Exactly the lines from the start of the data below through the line containing "Crime de razboi si" must be returned, and no others.

[[ Input data, beginning ]]

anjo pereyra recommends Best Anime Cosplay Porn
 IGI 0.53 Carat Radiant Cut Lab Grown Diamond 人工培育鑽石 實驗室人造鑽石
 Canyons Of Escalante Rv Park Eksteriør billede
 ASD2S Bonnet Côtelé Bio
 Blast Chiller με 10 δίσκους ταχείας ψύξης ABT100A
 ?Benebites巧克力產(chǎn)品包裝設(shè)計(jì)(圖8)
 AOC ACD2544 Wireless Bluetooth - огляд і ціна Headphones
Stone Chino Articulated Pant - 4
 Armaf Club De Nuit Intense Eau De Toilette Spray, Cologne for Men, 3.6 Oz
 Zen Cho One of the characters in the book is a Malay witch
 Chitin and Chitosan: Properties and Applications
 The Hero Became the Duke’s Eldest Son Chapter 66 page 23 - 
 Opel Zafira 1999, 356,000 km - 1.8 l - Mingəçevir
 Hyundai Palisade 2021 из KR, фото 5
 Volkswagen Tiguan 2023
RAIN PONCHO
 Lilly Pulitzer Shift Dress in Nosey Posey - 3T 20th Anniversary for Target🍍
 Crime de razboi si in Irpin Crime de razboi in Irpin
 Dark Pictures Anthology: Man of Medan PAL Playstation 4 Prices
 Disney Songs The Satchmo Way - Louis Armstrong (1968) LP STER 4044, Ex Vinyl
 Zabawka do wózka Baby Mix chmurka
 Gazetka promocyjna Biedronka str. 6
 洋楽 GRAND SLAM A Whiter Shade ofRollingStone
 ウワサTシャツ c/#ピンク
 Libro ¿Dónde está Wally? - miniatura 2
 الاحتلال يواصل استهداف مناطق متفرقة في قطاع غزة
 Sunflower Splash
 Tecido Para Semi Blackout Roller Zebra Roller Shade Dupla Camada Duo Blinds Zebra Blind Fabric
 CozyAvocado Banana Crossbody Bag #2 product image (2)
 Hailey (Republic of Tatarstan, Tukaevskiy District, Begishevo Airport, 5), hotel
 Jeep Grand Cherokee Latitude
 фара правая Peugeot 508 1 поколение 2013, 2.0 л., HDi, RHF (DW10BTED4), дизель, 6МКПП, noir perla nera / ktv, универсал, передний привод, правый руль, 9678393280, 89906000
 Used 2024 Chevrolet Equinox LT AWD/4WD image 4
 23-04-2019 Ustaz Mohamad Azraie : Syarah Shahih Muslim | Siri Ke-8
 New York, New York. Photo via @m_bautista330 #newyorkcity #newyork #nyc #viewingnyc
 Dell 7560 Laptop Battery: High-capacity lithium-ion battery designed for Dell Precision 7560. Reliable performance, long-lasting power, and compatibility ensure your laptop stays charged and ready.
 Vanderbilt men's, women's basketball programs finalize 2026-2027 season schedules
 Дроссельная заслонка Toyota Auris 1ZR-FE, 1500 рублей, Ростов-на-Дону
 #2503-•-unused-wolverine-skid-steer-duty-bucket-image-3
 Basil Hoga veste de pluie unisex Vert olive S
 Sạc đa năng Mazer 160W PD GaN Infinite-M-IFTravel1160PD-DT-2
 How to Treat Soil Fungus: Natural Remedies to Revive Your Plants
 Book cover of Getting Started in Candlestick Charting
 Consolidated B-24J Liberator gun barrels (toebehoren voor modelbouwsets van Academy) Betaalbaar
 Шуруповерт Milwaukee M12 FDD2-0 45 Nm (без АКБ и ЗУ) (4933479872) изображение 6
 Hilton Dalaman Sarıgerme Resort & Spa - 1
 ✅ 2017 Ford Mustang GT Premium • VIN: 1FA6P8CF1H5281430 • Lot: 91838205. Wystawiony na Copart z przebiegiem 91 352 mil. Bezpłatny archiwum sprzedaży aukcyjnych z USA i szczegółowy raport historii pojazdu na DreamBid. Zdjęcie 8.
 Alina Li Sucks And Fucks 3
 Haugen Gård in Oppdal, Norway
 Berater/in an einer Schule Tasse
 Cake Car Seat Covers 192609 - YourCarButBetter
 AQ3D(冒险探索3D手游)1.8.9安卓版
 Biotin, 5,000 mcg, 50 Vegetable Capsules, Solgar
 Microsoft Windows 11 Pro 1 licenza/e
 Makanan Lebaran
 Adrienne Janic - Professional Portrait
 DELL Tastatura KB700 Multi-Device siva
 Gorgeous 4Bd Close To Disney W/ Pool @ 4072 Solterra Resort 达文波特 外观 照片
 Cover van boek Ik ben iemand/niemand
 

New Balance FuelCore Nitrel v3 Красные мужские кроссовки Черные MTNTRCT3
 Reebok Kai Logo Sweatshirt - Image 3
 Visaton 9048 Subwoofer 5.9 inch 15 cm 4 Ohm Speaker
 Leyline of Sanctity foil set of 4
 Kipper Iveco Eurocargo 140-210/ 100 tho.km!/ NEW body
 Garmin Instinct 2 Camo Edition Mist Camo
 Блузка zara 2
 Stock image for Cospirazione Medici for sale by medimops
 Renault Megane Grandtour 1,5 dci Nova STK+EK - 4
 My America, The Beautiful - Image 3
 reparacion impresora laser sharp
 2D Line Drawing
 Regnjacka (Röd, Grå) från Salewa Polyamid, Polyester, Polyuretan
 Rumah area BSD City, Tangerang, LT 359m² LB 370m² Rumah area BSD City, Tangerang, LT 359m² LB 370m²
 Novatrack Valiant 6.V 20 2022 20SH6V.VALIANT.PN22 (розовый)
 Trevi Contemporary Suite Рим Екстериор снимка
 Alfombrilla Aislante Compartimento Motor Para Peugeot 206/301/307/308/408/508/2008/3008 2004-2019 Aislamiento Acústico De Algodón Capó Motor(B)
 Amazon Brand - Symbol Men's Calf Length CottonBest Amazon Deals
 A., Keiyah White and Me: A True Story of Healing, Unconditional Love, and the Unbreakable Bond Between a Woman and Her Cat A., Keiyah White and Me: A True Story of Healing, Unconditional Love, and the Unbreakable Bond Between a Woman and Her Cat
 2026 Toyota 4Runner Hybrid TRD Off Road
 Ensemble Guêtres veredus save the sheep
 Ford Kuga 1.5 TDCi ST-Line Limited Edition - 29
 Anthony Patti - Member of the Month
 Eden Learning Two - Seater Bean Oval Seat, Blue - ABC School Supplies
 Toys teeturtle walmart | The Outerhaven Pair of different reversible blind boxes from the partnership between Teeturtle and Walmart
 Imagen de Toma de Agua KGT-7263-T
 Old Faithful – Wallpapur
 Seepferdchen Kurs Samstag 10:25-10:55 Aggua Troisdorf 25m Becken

[[ Input data, end ]]

Result for this task:
anjo pereyra recommends Best Anime Cosplay Porn
 IGI 0.53 Carat Radiant Cut Lab Grown Diamond 人工培育鑽石 實驗室人造鑽石
 Canyons Of Escalante Rv Park Eksteriør billede
 ASD2S Bonnet Côtelé Bio
 Blast Chiller με 10 δίσκους ταχείας ψύξης ABT100A
 ?Benebites巧克力產(chǎn)品包裝設(shè)計(jì)(圖8)
 AOC ACD2544 Wireless Bluetooth - огляд і ціна Headphones
Stone Chino Articulated Pant - 4
 Armaf Club De Nuit Intense Eau De Toilette Spray, Cologne for Men, 3.6 Oz
 Zen Cho One of the characters in the book is a Malay witch
 Chitin and Chitosan: Properties and Applications
 The Hero Became the Duke’s Eldest Son Chapter 66 page 23 - 
 Opel Zafira 1999, 356,000 km - 1.8 l - Mingəçevir
 Hyundai Palisade 2021 из KR, фото 5
 Volkswagen Tiguan 2023
RAIN PONCHO
 Lilly Pulitzer Shift Dress in Nosey Posey - 3T 20th Anniversary for Target🍍
 Crime de razboi si in Irpin Crime de razboi in Irpin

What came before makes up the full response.